Even with the finished sequence in hand, experience with the two human chromosomes for which this has been achieved — numbers 21 and 22 — indicates that annotating the genome will be a mammoth task. “With 21 and 22 it was not possible to reliably identify and delineate all of the genes,” says Philip Green, a biocomputing expert at the University of Washington in Seattle.

In the case of the genome of the fruitfly Drosophila, annotation was kickstarted by a two-week ‘jamboree’ held at Celera. This brought together over 40 academic fly geneticists and 50 Celera scientists, and compared the outcome of dozens of different annotation techniques. This experience should serve Celera well. “We basically trained their annotation team to annotate the human genome,” observes Martin Reese, formerly of the Drosophila Genome Center at the Lawrence Berkeley National Laboratory in California and now with ValiGen, a company near Paris.

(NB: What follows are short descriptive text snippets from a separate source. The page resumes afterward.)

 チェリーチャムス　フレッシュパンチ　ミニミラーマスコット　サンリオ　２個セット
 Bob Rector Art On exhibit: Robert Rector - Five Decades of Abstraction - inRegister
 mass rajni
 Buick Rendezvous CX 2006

The news that Celera and HGP researchers will hold a joint scientific meeting after publishing simultaneous papers of their draft sequences (see lead story) initially raised hopes of a similar human jamboree. However, as HGP head Francis Collins pointed out to Nature, Celera cannot really share its annotation, as it will be its core product for sale to its subscribers. Rather, the meeting is expected to look at discrepancies between the public and private sequences with the goal of ‘cleaning up’ one another's data.

Celera has said little publicly about its annotation capacity, but it uses specialized software to combine the output of multiple gene finding tools — mostly those available to the public sector. But while Celera's annotation team is at the cutting edge, many experts argue that no single team is currently in a position to annotate the entire genome. “No one really knows how to do it completely,” says John Quackenbush of The Institute for Genomic Research in Rockville, Maryland.

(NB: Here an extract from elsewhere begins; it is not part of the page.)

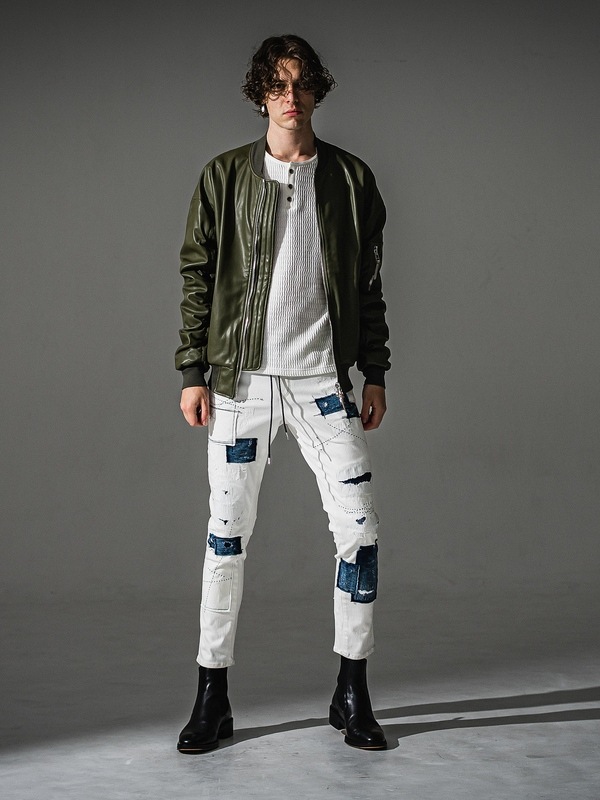 (ͽ���ʡ�9��10������ͽ��/41TH RESOUND CLOTHING���ꥵ����ɥ���������/KNT HENRY/WHITE
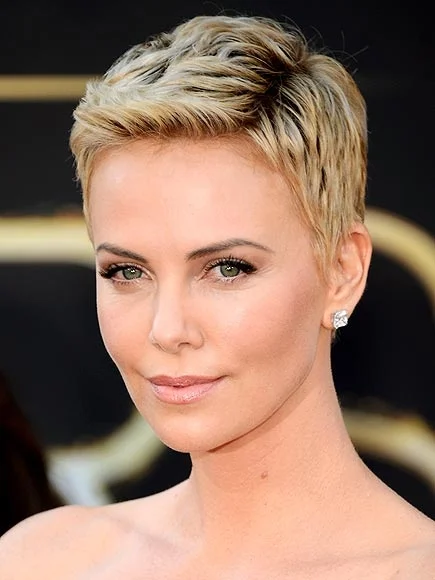 Charlize Theron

On the public side, annotating the genome might mean a rethink on how the HGP's data are organized. Lipman acknowledges that the main sequence database, NCBI's Genbank, has its limitations. “It does not represent what we know of biology at any given time,” he says. “It only represents what the author put in.” Indeed, while scientists deposit data in Genbank because many journals make this a condition for publication, some do not bother to correct and update it.

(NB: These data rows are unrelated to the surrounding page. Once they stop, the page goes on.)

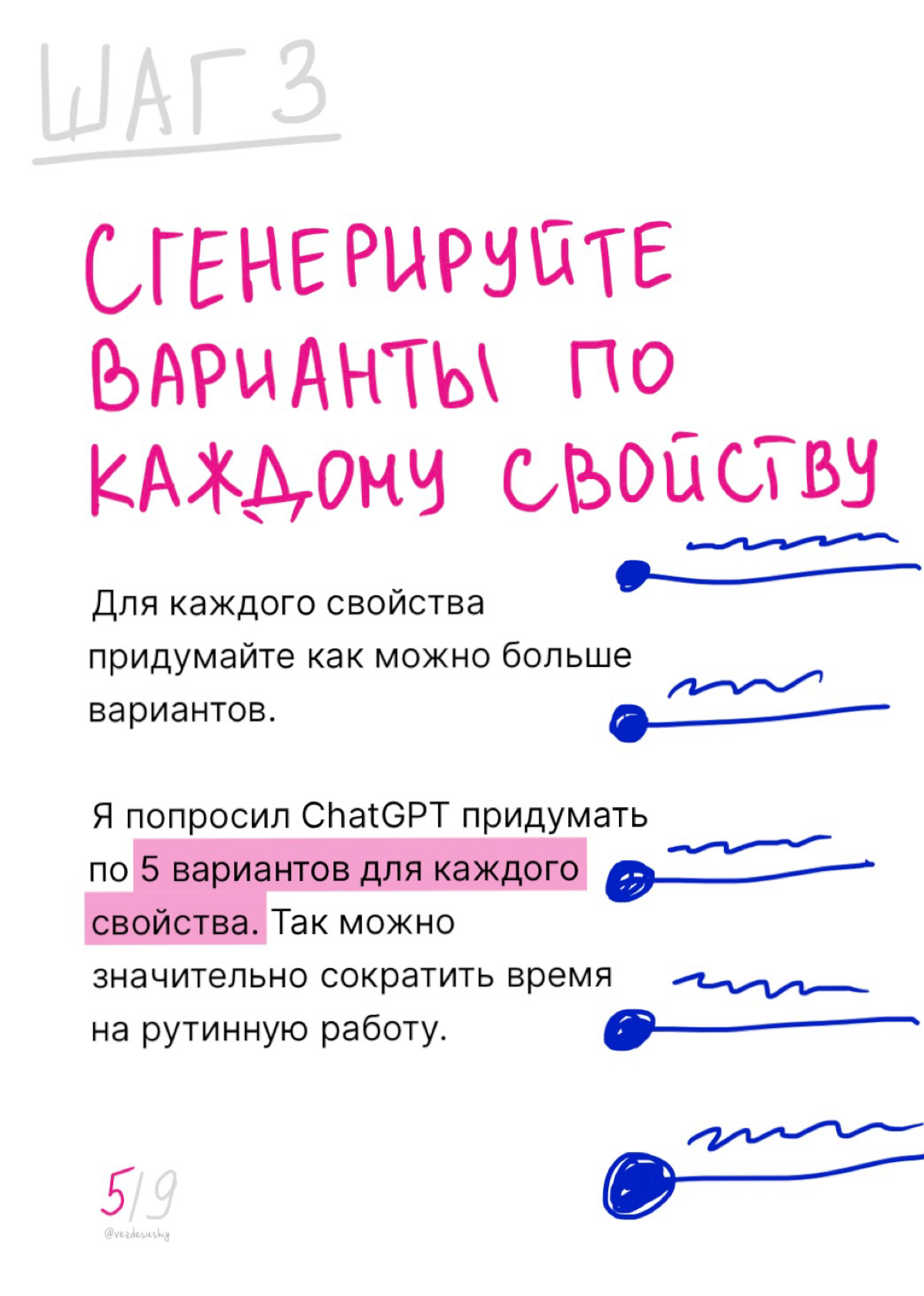 Гайд по использованию метода креативного мышления | Сетка — социальная сеть от hh.ru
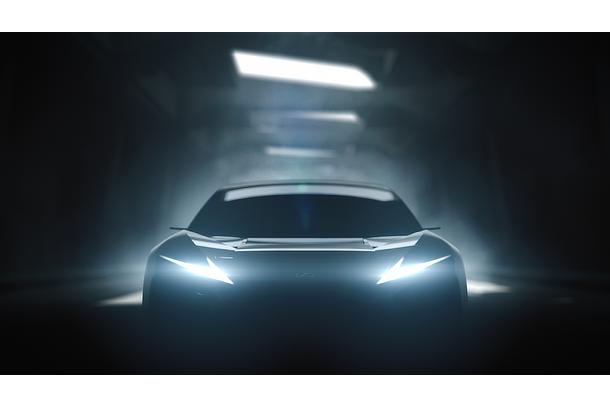 Lexus Teaser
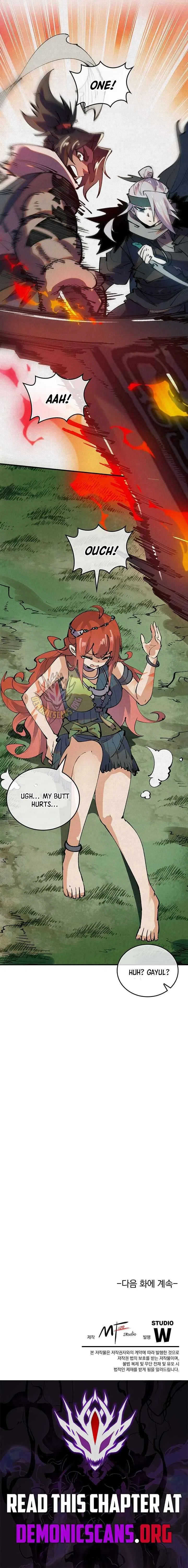Soul of Chi You Chapter 13 – Page 8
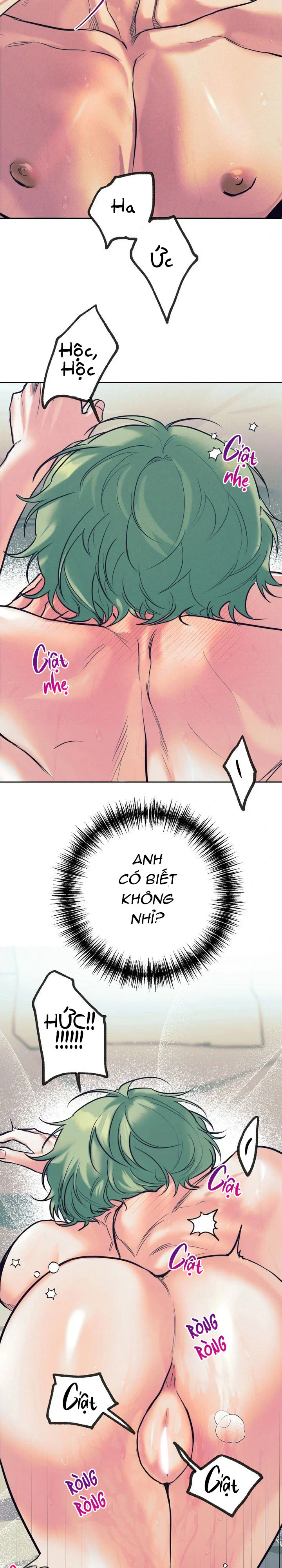 Tuyển Tập Manhwa Ngắn Bí Mật Cơ Thể Chapter 16 Trang 9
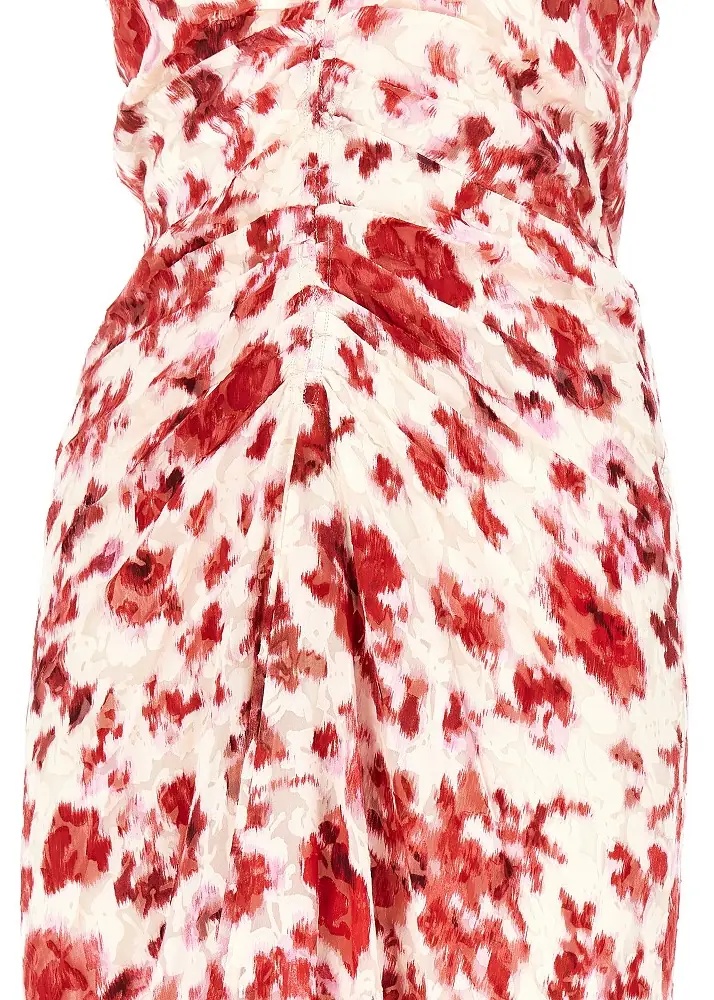 Rochii Silk-blend 'Lyndsay' midi dress - Img 2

“With annotation we will need much more active curation,” says Lipman. Many experts believe this may require a ‘collaboratory’ approach, using the Internet to leverage the talent of biologists worldwide. The NCBI intends to set up a system in which named biologists around the world will ‘adopt’ a gene or gene family, becoming the curators responsible for gathering information from the wider research community. But Lipman remains against the idea of a free-for-all in which any biologist can annotate the genome — the problem, he says, is that most do not fully understand database syntax, and so tend to make errors when they input data. “What we really want is their knowledge,” says Lipman.

The Ensembl annotation project, run by the Sanger Centre and the European Bioinformatics Institute, is plotting a genuinely distributed effort. Hubbard foresees a system where a geneticist in Germany could annotate a gene online, and have his or her interpretation challenged almost in real time by a biologist in Boston. Ensembl's vision has been inspired by a radical suggestion, made by Tom Slezak of the Lawrence Livermore National Laboratory in California and Lincoln Stein of the Cold Spring Harbor Laboratory on Long Island, to use ‘Napster’ technology for genome annotation. This allows computer users worldwide to share MP3 music files, and could, in theory, let biologists share and annotate genome data (see Nature 404, 694; 2000). If these ideas catch on, the genome project's future could be one of annotation by anarchy.